* ACTIVITY
Beginning with the first line, retype exactly the records below up to and including the line with "Blankets Mabon Blessings Leaves"; pictures do not belong in the copy.

Stored items from a collection
^^^^^^^^

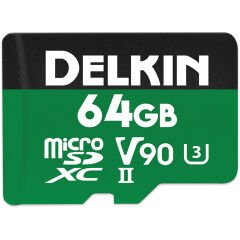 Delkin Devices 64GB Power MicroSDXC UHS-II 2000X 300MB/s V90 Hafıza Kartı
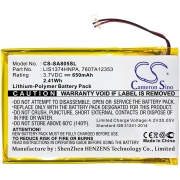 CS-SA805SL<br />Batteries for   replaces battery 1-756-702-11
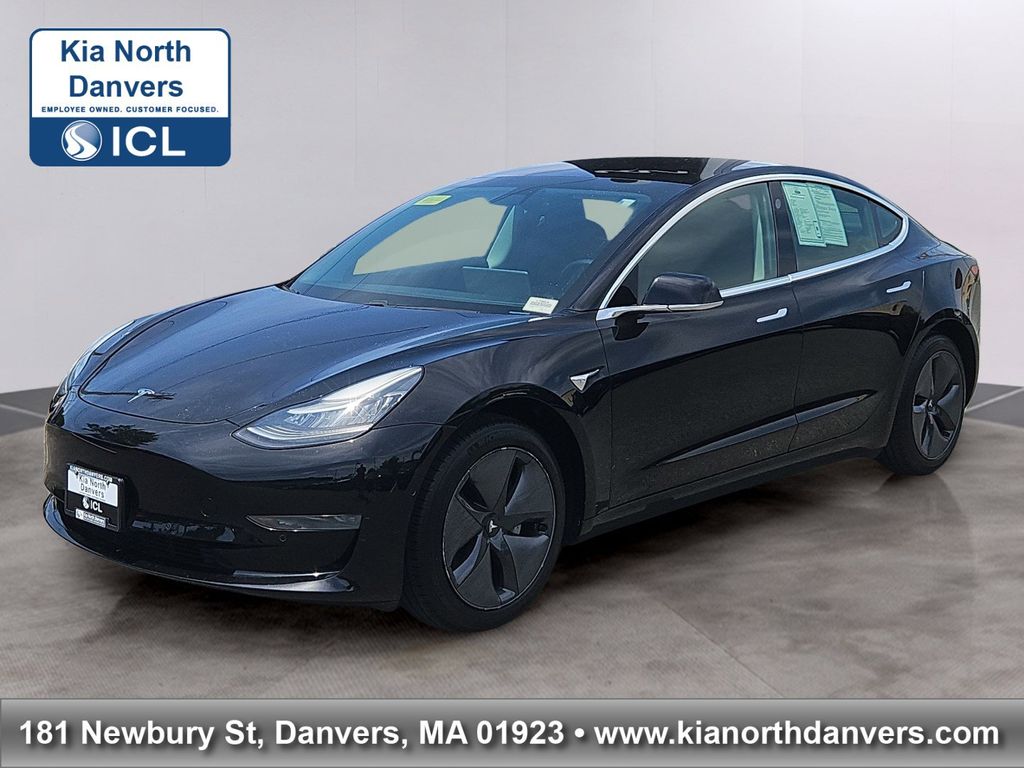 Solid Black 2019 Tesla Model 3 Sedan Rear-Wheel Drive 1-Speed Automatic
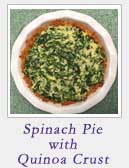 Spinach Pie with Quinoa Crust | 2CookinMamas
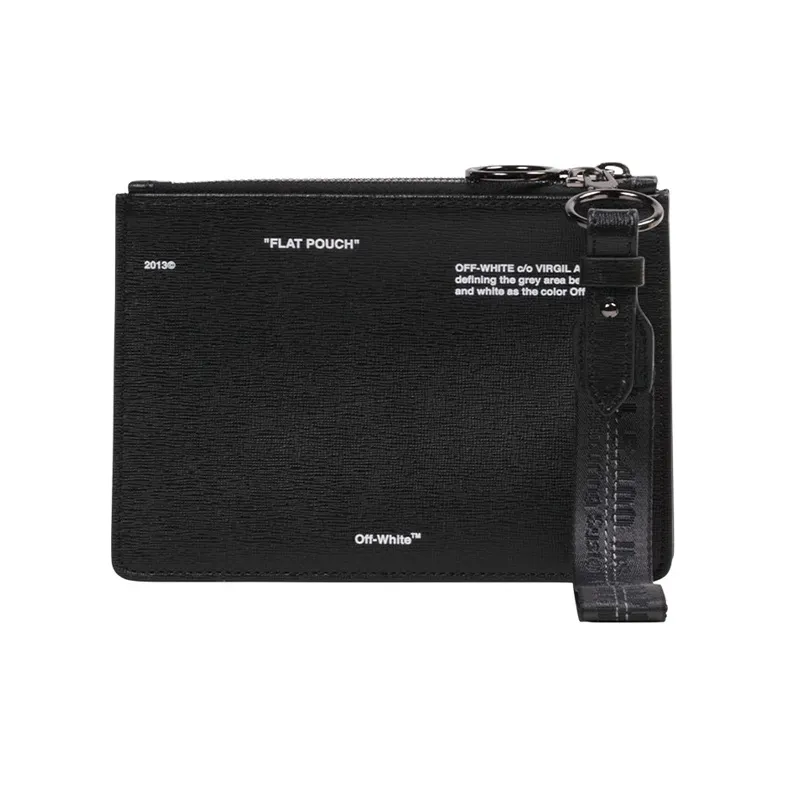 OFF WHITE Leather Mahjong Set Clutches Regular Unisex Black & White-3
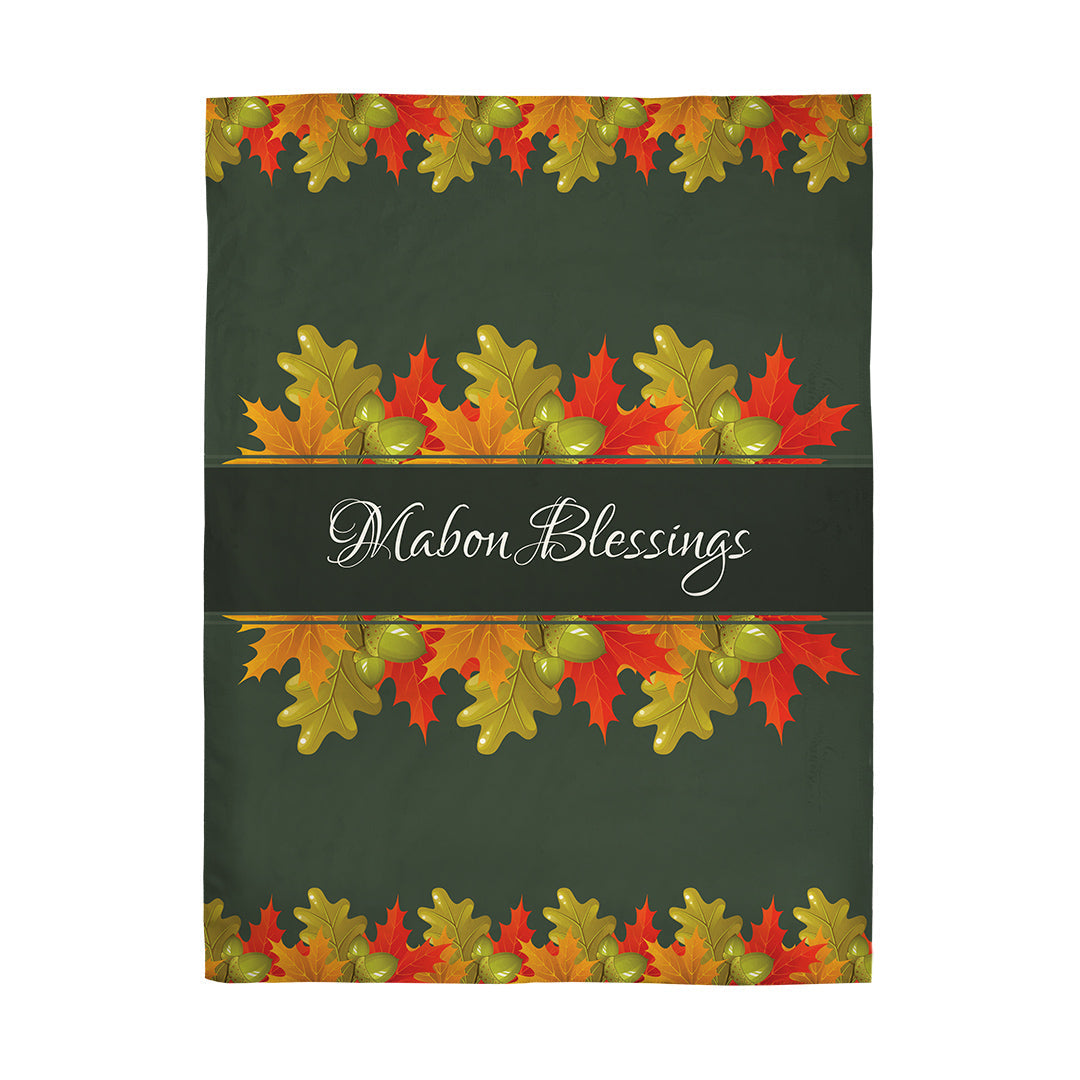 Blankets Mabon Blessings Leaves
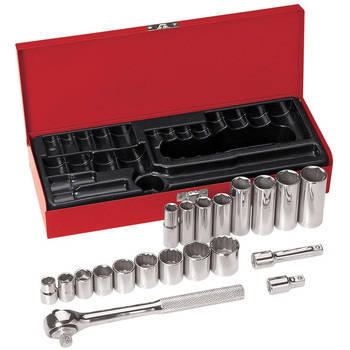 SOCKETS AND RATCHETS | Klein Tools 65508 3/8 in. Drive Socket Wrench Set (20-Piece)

^^^^^^^^

* EXERCISE RESULT
 Delkin Devices 64GB Power MicroSDXC UHS-II 2000X 300MB/s V90 Hafıza Kartı
 CS-SA805SL<br />Batteries for   replaces battery 1-756-702-11
 Solid Black 2019 Tesla Model 3 Sedan Rear-Wheel Drive 1-Speed Automatic
 Spinach Pie with Quinoa Crust | 2CookinMamas
 OFF WHITE Leather Mahjong Set Clutches Regular Unisex Black & White-3
 Blankets Mabon Blessings Leaves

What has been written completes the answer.